During the years of peace he recommissioned the Adventure 32 in May 1766, going out to Jamaica once more in the following month, and retaining the command for three years before exchanging into the Renown 30 with Captain Hon. George Murray at the end of August 1769. This vessel returned to Portsmouth from Jamaica in July 1770 to be paid off. In April 1773 he joined the Conquestador 60 to receive seamen for the fleet at the Nore, and in November of the same year removed to the Plymouth guardship Dublin 74, taking part in the summer cruise of 1775.

In the early spring of 1776 Fitzherbert paid off the Dublin and recommissioned the Raisonnable 64, which vessel had recently come out of dock, being employed initially as a guardship at Plymouth. He captured the American privateer Dalton 20 from Newberry, Massachusetts, some sixty miles to the west of Cape Finisterre on Christmas Eve, and he took her into Plymouth on 8 January 1777 where her prisoners were initially discharged into the guardship Ocean, and where valuable papers taken from two gentlemen travelling to France were rushed up to the Admiralty.
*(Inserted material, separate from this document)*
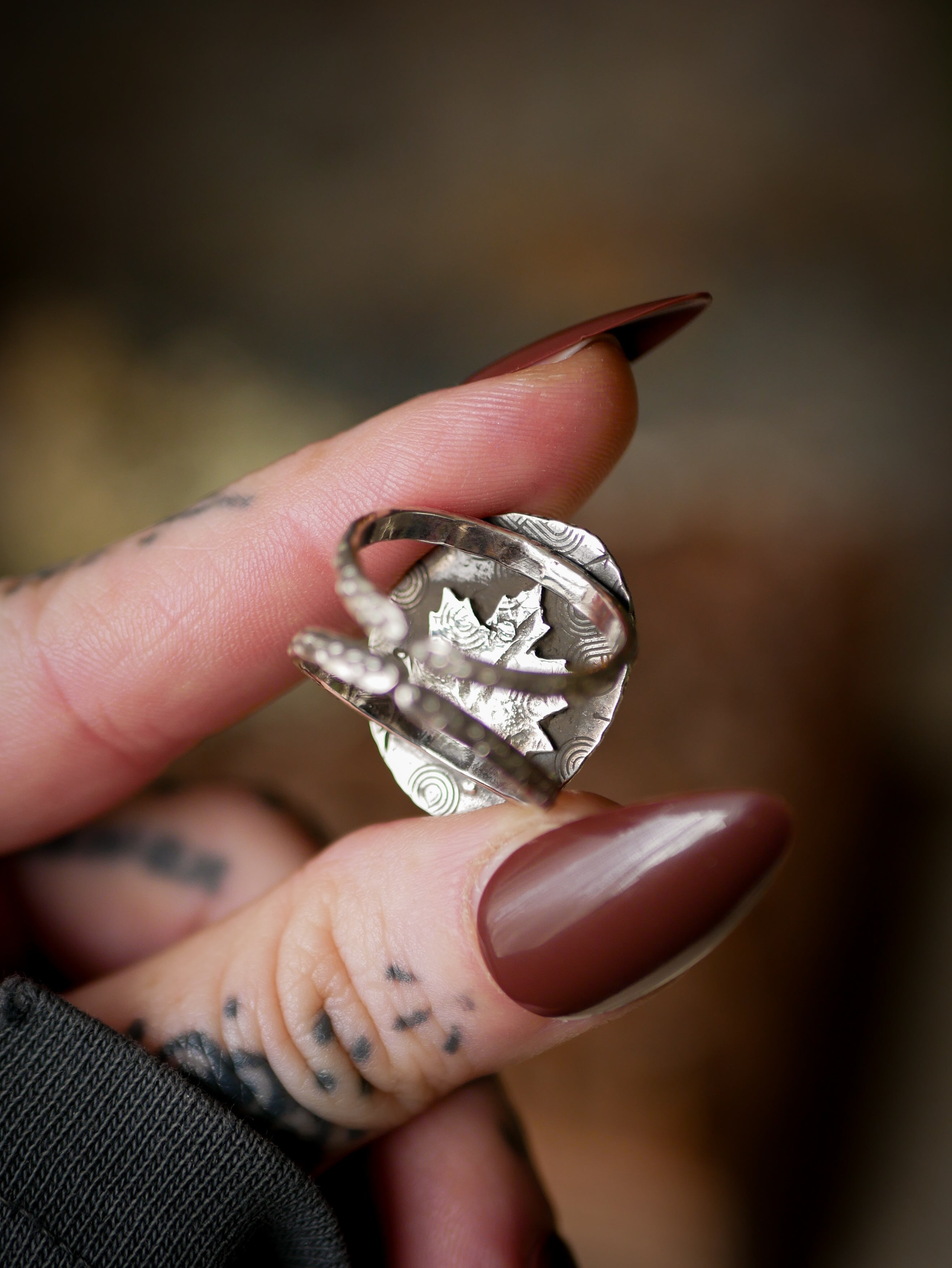 The Horned God Amulet - Faceted Ocean Jasper and Silver Ring with Maple Leaf Back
The American privateer, which had plundered nine thousand dollars out of a Newfoundland prize, had initially thought the Raisonnable to be a West Indiaman, and upon realising her mistake had tried to outrun her pursuer over eight hours but struck her colours before an action could commence.

In early February 1777 the Raisonnable went into dock at Plymouth, and after coming out she spent the spring cruising in the Bay of Biscay in quest of more rebel privateers. At the end of June she arrived at New York, having captured two prizes in passage including a valuable ship, the Floridan, bound from Carolina to Nantes, which Fitzherbert sent back to England. She participated in the Philadelphia Campaign of August-November, following which she escorted a convoy of thirty transports to Rhode Island with the expectation of taking General Sir John Burgoyne’s army, which had been defeated at the Battle of Saratoga on 17 October, back to England. With the convention allowing for the repatriation of the troops being repudiated by the Continental Congress, the Raisonnable then sailed for Halifax in early 1778, taking what was reported as an American frigate and two brigs in passage, and where Fitzherbert briefly assumed command of the station in the stead of Captain Sir George Collier.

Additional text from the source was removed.